Aquel domingo, por lo demás, fue más triste que ningún otro. El comandante del fuerte había prohibido la representación. Los hombres estaban recluidos en sus barracones, las mujeres, en los suyos. Y no era solo por eso por lo que nos sentíamos de repente ociosas y ausentes. Todas teníamos un presentimiento vago al que no nos abandonábamos porque estaban las demás, y tratábamos de apartarlo escudriñando la actitud de nuestras compañeras. Representábamos tan bien el papel que ninguna se dejaba embaucar.
Estábamos preocupadas. Las que oían los ruidos a través del tabique —del lado de los hombres—, atentas, con la oreja pegada como en una auscultación, respondían a las preguntas con un: «No, no se oye nada». No se oía nada y el malestar aumentaba a medida que avanzaba la tarde.

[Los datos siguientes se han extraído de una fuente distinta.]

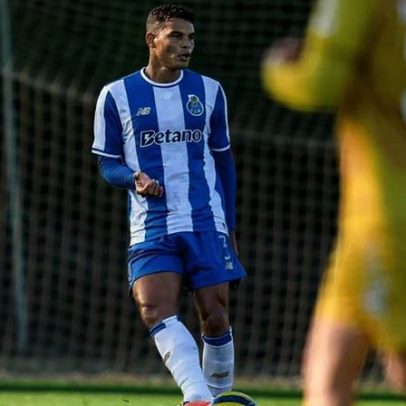 Thiago Silva observa jogadores do FC Porto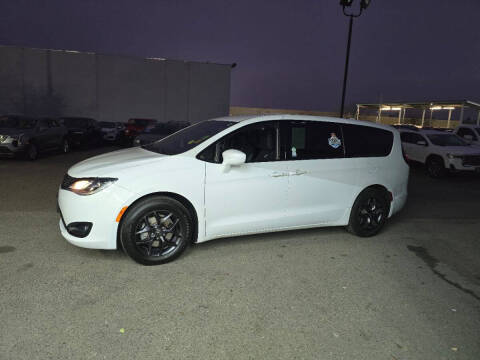 2020 Chrysler Pacifica Touring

Era un domingo de septiembre, soleado como un domingo de verano y a la vez marcado por la melancolía del otoño; es decir, que, desde la mañana, todo en el aire, y en las hojas de los árboles que divisábamos por la ventana, en el aliento del viento sobre la hierba de los glacis, en el color del cielo por encima del fuerte y en el color de los ojos, todo desde la mañana poseía la opacidad de los días que más tarde se califican de atípicos.
—¿Y tú, Yvette, ves algo en la ventana?
—No, nada.
De pronto, se oyeron pasos en el pasillo, en nuestra zona, y un ruido de llaves en nuestra puerta. Entró la jefa del campo, acompañada de una centinela. Era una prisionera, jamás circulaba sola.
—¿Qué pasa, Josée?
—Nada, nada. ¿Qué os pasa a vosotras, a qué vienen esas caras descompuestas? No pasa nada. Vengo a buscar la ropa de los hombres. Aunque no esté lista, hay que devolvérsela ahora mismo.
—¿Devolvérsela? ¿Ahora mismo? ¿Por qué?
Todas se afanaban, preparaban hatillos con las camisas y los calcetines, deshacían el paquete porque habían olvidado un pañuelo, contentas de salir de la pasiva espera que las atenazaba desde la mañana, como si por fin pudieran hacer algo, y ese algo fuese útil.